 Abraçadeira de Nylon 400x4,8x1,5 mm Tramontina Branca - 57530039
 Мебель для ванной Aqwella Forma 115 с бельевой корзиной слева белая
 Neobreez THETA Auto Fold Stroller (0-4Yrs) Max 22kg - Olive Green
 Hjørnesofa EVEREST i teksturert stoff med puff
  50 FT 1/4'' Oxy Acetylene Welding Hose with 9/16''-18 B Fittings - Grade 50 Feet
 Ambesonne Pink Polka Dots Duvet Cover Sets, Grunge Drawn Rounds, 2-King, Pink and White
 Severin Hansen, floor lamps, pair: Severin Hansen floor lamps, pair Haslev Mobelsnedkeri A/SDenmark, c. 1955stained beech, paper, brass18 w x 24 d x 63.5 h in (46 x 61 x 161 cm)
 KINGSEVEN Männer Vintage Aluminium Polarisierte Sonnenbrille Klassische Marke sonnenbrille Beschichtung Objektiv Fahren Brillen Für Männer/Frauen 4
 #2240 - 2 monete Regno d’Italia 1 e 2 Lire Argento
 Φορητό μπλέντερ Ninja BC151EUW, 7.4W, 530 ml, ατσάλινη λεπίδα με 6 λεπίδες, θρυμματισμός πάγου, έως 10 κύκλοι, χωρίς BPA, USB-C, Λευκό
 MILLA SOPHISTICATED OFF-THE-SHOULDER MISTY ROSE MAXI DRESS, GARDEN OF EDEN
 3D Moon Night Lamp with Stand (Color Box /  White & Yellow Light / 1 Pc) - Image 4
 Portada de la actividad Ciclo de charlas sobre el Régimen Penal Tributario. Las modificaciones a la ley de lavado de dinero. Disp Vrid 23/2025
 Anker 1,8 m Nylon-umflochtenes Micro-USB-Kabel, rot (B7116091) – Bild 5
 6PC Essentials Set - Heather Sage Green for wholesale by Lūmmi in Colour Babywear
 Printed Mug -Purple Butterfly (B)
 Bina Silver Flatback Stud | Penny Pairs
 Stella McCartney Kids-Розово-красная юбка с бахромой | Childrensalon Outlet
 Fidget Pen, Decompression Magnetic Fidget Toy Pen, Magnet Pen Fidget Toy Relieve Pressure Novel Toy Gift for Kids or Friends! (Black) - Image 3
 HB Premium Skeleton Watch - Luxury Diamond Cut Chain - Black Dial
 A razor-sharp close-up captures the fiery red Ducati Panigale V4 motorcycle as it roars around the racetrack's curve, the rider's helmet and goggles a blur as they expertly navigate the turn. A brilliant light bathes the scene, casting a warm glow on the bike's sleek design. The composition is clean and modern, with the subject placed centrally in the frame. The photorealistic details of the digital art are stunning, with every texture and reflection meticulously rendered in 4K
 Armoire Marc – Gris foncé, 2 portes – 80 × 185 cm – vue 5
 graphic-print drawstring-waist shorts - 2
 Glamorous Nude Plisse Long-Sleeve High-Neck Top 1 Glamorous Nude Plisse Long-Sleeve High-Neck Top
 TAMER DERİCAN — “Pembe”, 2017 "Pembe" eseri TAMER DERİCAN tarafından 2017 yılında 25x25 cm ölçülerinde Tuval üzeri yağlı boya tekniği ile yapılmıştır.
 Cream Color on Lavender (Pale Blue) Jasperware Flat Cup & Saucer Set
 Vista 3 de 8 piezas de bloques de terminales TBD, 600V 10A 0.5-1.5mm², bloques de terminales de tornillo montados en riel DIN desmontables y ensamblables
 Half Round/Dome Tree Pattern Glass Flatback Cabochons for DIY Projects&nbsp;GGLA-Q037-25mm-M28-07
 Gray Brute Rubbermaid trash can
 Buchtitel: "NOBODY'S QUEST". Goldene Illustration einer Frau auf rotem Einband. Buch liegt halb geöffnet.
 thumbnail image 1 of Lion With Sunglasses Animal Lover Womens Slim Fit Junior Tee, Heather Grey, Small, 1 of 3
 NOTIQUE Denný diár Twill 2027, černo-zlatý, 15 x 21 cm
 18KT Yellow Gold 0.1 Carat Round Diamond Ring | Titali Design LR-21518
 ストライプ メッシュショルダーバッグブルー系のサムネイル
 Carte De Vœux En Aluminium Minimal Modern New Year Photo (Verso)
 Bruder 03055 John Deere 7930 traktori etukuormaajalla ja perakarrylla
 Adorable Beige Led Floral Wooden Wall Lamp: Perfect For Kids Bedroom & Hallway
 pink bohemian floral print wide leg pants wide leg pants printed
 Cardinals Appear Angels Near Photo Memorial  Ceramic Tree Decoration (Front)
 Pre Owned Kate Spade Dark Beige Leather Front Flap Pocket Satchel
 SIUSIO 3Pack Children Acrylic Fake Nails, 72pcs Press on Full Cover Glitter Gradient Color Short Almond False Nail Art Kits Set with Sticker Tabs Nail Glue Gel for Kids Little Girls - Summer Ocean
******************************
> PROBLEM STATEMENT
Extract exactly and only the lines above from the line containing "Cream Color on" through the line containing "Carte De Vœux", both end lines included.

> ANSWER BOX
 Cream Color on Lavender (Pale Blue) Jasperware Flat Cup & Saucer Set
 Vista 3 de 8 piezas de bloques de terminales TBD, 600V 10A 0.5-1.5mm², bloques de terminales de tornillo montados en riel DIN desmontables y ensamblables
 Half Round/Dome Tree Pattern Glass Flatback Cabochons for DIY Projects&nbsp;GGLA-Q037-25mm-M28-07
 Gray Brute Rubbermaid trash can
 Buchtitel: "NOBODY'S QUEST". Goldene Illustration einer Frau auf rotem Einband. Buch liegt halb geöffnet.
 thumbnail image 1 of Lion With Sunglasses Animal Lover Womens Slim Fit Junior Tee, Heather Grey, Small, 1 of 3
 NOTIQUE Denný diár Twill 2027, černo-zlatý, 15 x 21 cm
 18KT Yellow Gold 0.1 Carat Round Diamond Ring | Titali Design LR-21518
 ストライプ メッシュショルダーバッグブルー系のサムネイル
 Carte De Vœux En Aluminium Minimal Modern New Year Photo (Verso)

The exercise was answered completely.